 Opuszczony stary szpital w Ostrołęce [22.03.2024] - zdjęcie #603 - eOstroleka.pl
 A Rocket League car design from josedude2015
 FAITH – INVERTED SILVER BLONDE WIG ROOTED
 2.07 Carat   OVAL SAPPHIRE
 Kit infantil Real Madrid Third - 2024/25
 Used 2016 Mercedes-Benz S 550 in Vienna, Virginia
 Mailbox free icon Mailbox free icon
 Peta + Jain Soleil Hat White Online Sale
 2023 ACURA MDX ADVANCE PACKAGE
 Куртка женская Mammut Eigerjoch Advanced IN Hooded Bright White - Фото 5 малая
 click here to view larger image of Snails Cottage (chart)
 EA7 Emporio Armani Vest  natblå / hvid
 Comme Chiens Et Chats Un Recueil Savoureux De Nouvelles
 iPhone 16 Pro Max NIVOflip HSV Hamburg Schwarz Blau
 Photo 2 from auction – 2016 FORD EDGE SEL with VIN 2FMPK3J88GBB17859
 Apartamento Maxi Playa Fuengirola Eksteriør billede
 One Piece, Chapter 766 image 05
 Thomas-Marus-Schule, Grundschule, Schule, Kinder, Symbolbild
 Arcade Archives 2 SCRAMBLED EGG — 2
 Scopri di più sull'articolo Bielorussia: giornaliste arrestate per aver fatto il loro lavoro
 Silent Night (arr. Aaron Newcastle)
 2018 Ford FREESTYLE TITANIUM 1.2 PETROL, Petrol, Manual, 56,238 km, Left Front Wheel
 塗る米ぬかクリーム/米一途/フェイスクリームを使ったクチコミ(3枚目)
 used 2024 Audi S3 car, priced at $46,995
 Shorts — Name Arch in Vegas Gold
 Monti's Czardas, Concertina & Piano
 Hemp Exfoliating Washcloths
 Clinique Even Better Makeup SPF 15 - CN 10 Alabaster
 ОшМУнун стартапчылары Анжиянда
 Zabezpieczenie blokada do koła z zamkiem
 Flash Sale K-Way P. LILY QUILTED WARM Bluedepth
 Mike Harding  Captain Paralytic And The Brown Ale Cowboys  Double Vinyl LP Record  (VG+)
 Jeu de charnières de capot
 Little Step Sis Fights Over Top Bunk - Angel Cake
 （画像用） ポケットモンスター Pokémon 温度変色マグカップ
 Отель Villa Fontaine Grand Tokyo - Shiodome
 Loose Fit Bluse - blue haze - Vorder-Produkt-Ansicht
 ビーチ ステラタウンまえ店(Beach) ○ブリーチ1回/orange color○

▸ **Directions**
Of the lines above, output exactly those from the line bearing "Mailbox free icon Mailbox free icon" through the line bearing "click here to", inclusive.

▸ **Final answer**
 Mailbox free icon Mailbox free icon
 Peta + Jain Soleil Hat White Online Sale
 2023 ACURA MDX ADVANCE PACKAGE
 Куртка женская Mammut Eigerjoch Advanced IN Hooded Bright White - Фото 5 малая
 click here to view larger image of Snails Cottage (chart)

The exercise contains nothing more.